Cashmere scarfs seem to have resumed the vogue they enjoyed in the early part of the season. They are indeed well calculated for the commencement of autumn, being at once warm and light. We have seen also some very rich silk shawls, of sombre hues, flowered in relief, and a few satin mantes, which our fair readers will recollect is an envelope between the pelerine and the cardinal, longer than the one, smaller than the other, and somewhat similar to both in form. They are made in green, deep blue, and black, and trimmed either with black lace or éffilé; but though lace shawls and muslin mantelets are now in a decided minority, they are by no means laid aside; on the contrary, they are quite as much adopted as they were two months ago, when the days were


Coutil continues its vogue for sea-side dresses. Some of the prettiest are striped in blue or green stripes upon an unbleached ground. A favourite form for these robes has the corsage made quite high, and trimmed by a very deep jacket; so deep indeed that a small pocket appears on each side of the front of the jacket; the corsage is always made quite high; and we observe that those entirely closed down the front seem to increase in favour; the majority are embroidered in soutache; this is principally the case with those that have the corsage open in front. A good many of those that are closed are trimmed down the centre with a row of fancy silk buttons on each side; and at a little distance from the buttons is a velvet band, cut strait on the inside, but slanting, and in sharp dents at the outer edge; it is very broad at the bottom, but narrows almost to a point at the point: this is a very novel style of trimming, and has a good effect.

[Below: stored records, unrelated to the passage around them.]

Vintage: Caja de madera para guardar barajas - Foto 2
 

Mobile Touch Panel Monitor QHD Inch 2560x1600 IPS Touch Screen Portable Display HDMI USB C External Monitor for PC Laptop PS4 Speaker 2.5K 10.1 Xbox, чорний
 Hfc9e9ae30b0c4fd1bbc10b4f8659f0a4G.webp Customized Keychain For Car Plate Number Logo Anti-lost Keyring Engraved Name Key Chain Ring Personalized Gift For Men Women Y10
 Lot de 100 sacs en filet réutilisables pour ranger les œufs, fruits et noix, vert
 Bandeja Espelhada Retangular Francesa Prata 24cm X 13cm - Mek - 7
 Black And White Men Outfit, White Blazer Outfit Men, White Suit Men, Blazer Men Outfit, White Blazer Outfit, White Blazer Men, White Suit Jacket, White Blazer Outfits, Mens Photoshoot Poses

Though light materials, as muslins, barèges, &c. are still adopted in promenade dress, silk robes are more in request, and a good many are trimmed with velvet. We have recently seen several of striped and shaded gros de naples, the corsage half-high, with a rounded point drawn a little full at the shoulders, but tight at the bottom. The sleeves are rounded at the bottom, and surmounted

with crossed jockeys. The skirt is trimmed with two deep biais flounces, placed at some distance from each other; three rows of very narrow velvet ribbon, corresponding with the colour of the stripes, encircle the top of the corsage, the round of the jockeys, and the bottom of the sleeves, and also border cach flounce. We have seen some dresses of plain green, blue, and violet silk, similarly trimmed with velvet, a shade or two darker than the silk.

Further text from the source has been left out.